5. Background Daemon (z-console-daemon)

The z-console-daemon.sh script runs z-ingest-console in a loop, continuously building up operational history in the vector store. Once running, you can query the store anytime with z-query or z-console.

Start the daemon (indexes every 5 minutes):

./z-console-daemon.sh &

Custom interval and time window:

./z-console-daemon.sh --interval 600 --window 10 &

Run once and exit (for cron):

./z-console-daemon.sh --once --pcon-flags "-l"
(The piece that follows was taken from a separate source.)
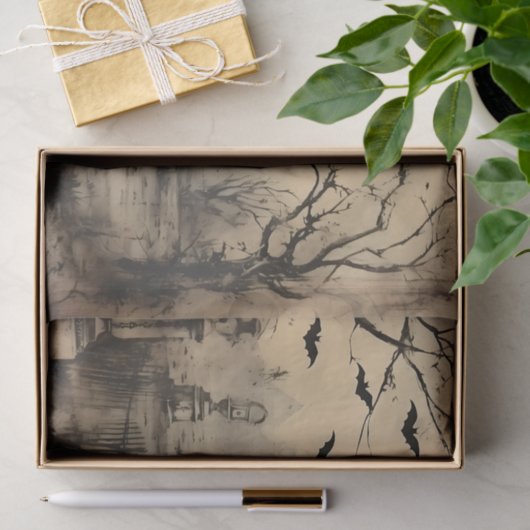  spookhuis Halloween Decoupage Tissuepapier (Geschenk)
With PID file for service management:

./z-console-daemon.sh --pidfile /tmp/z-console-daemon.pid &
# Later: kill $(cat /tmp/z-console-daemon.pid)

Options:

Flag Description
--interval N Seconds between ingest runs (default: 300)
--window N Minutes per chunk (default: 5)
--model PATH Path to model file
--store PATH Path to store database
--no-prefix Disable search_document: prefix (on by default)
--pcon-flags F Extra pcon flags (default: -r)
--once Run once and exit
--pidfile PATH Write PID for service management

6. Default Paths

All tools default to $HOME/.z-vector-search/ for model and store paths:

File Default Location
Model $HOME/.z-vector-search/model.gguf
Store $HOME/.z-vector-search/store.db
IBM Messages DB $HOME/.z-vector-search/ibm-messages.db

This means most commands can be run with minimal arguments:

# One-time setup: unpack IBM docs + model
z-setup

# Index a directory (uses default model and store)
./z-index ./my_docs

# Query (uses default model and store)
./z-query "How do I build on z/OS?"

# Console RAG (uses defaults)
./z-console --pcon -r

# Ingest console history (uses defaults)
./z-ingest-console -d

# Start background daemon (uses defaults)
./z-console-daemon.sh &

7. One-Shot Mode

The z-vector-search tool indexes and queries in a single run (no persistent store):

./z-vector-search [OPTIONS] <model.gguf> <docs_directory> "<search_query>"

Implementation Details

  • Storage: SQLite + sqlite-vec for persistent, incremental vector storage with metadata filtering.
  • Architecture: Optimized for z/OS with Enhanced ASCII and IBM Z-specific compiler flags.
  • Pooling: Uses MEAN pooling by default (optimized for BERT-based embedding models like Nomic).
  • Similarity: sqlite-vec KNN search with cosine distance. Embeddings are L2-normalized at index time.
  • Character Set: Fully EBCDIC/ASCII compatible.
  • Chunking: Large files are split into overlapping chunks for better search accuracy.